A car insurance firm has left an Arizona motorist, Manny Munoz, thousands of dollars in debt after refusing to pay out on a claim because he inadvertently paid 60 cents less than he should have for his $60,000 BMW X5. Munoz, a salesman from Peoria, purchased the vehicle in 2020 during the height of the pandemic, when car prices were inflated due to disrupted supply chains.
Munoz agreed to pay $60,517.86 for the then two-year-old vehicle, but his credit union mistakenly sent a check for $60,517.26, leaving a 60-cent discrepancy that went unnoticed until his car was totaled in an accident in November last year. The insurance company, Safe-Guard Products, used this minor error as a reason to deny his claim.
Munoz explained to azfamily.com, “The claim was kicked back because the loan amount did not match the contract amount. There was a 60-cent difference.”
He had financed the car and took out a gap insurance policy to cover the full amount, anticipating that the car’s value would depreciate rapidly from its pandemic-inflated price. However, when he was rear-ended later that year, the damage appeared superficial, but Safe-Guard deemed the car a total loss due to its many sensors and cameras.
Munoz still owed $45,000 on the car, but the insurance company only sent him a check for $26,709, which was the car’s value at the time of the crash.
Safe-Guard insisted that the amount paid and the amount charged had to match exactly for the gap policy to be valid, leaving Munoz with an outstanding debt of $18,651 and no car.

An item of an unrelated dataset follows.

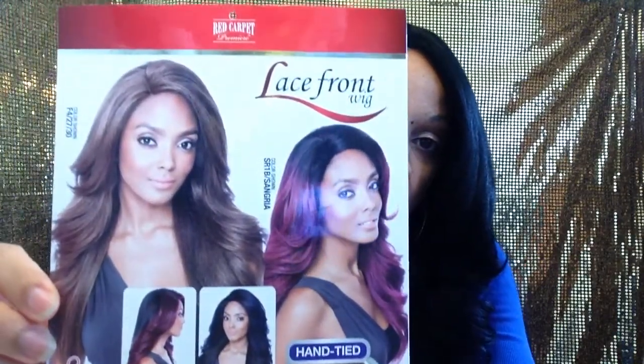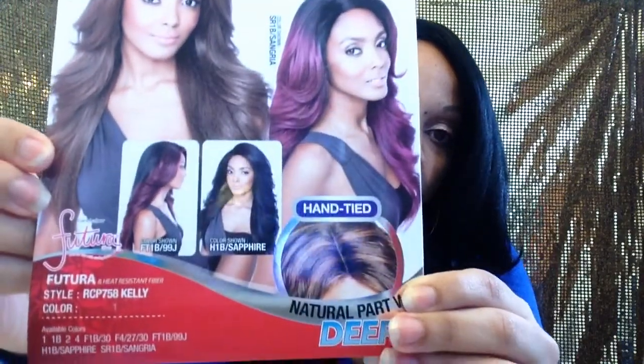Hey, it's Nikki. Today I'm joining a review on the Isis Red Carpet Collection, RCP 758 Kelly. This is the stock card, and I have color number one. The unit comes with two combs at the parting, a comb in the back, adjustable straps, and it did have hard lace that I cut off.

After seven months of unsuccessful negotiations with the Atlanta-based insurance firm, Munoz reached out to AZfamily’s consumer program On Your Side and its presenter Gary Harper. Munoz shared, “I was sitting there trying to contemplate what to do and so I went online, and I said let me find Gary Harper and here we are.”
Following contact from the program, Munoz received a promising letter indicating that his claim is now being “processed.” Despite this, he remains cautious and refuses to get his hopes up until he receives the full amount he is owed. “I don’t have a problem being patient because I think I’ve been more than patient,” he said.
This situation highlights the challenges consumers can face when dealing with insurance companies and the importance of addressing even the smallest discrepancies in financial transactions.